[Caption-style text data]
━━━━
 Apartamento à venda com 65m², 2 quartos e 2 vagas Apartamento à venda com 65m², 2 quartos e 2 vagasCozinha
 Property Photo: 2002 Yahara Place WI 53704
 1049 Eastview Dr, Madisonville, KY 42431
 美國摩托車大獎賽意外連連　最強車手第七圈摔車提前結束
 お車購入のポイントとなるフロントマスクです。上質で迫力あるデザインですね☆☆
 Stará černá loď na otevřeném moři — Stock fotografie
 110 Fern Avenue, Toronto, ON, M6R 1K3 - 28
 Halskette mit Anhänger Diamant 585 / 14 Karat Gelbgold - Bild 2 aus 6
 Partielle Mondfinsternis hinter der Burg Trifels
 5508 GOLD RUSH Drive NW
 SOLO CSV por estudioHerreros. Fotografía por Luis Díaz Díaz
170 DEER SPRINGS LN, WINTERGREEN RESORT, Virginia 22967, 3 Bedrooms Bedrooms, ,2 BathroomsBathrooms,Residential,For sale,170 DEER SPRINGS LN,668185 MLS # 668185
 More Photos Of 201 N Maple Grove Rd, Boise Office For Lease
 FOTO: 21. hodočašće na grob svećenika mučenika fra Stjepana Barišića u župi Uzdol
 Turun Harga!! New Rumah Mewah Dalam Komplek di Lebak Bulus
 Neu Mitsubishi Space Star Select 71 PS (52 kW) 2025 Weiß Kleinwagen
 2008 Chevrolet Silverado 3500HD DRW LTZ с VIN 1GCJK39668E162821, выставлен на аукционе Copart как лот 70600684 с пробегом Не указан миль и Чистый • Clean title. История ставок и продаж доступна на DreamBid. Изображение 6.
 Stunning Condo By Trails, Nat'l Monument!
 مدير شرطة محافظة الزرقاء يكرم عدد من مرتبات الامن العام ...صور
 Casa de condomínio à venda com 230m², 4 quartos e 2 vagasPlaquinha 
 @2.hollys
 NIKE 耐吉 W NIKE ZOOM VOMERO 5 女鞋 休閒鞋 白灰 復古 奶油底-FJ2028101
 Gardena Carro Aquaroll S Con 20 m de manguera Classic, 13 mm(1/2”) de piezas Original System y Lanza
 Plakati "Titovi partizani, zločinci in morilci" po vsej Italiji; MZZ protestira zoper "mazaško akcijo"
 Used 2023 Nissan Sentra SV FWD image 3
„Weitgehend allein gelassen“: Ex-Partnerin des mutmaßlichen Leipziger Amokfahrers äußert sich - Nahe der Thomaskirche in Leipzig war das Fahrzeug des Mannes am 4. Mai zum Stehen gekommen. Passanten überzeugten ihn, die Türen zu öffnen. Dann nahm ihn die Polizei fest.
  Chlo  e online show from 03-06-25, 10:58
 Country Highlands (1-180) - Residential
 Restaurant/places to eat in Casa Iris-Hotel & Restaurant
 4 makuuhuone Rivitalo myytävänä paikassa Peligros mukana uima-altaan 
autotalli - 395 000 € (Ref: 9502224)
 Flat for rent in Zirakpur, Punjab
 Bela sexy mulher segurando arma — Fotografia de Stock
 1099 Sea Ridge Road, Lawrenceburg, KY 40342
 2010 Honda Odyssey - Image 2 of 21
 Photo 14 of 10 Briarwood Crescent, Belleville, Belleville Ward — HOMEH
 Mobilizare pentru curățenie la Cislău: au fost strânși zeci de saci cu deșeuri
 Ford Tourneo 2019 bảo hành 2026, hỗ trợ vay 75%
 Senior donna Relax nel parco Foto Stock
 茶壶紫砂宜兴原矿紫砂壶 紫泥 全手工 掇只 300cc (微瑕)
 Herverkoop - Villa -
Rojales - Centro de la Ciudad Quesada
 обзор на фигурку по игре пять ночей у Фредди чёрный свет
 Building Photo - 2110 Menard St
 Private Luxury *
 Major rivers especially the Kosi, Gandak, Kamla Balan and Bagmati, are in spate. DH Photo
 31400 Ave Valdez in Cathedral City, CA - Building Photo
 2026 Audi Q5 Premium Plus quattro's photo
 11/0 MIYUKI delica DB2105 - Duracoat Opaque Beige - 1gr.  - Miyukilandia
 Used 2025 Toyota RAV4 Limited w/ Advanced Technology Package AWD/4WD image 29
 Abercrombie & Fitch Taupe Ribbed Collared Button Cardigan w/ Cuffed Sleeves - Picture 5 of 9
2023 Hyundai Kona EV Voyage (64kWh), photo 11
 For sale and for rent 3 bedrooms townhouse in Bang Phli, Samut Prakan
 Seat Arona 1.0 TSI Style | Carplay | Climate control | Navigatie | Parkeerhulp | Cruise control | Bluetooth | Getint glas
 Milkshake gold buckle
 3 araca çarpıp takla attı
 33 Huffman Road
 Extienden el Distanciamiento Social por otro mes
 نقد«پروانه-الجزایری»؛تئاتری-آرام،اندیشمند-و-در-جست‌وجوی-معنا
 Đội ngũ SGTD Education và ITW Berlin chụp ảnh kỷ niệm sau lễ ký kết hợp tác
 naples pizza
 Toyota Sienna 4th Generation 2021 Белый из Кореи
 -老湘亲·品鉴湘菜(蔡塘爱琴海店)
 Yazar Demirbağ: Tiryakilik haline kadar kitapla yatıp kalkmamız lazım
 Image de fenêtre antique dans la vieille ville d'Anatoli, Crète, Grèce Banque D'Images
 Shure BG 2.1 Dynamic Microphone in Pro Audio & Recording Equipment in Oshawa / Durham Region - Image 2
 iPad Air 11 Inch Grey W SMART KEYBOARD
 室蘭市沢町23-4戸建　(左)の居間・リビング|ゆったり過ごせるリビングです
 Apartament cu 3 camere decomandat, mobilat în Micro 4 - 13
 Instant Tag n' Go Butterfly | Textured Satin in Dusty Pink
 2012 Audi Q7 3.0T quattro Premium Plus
━━━━
_WHAT TO PRODUCE:_ Among the lines of the data, which ones contain the word "Road"? Show them.

_ANSWER AREA:_
 1099 Sea Ridge Road, Lawrenceburg, KY 40342
 33 Huffman Road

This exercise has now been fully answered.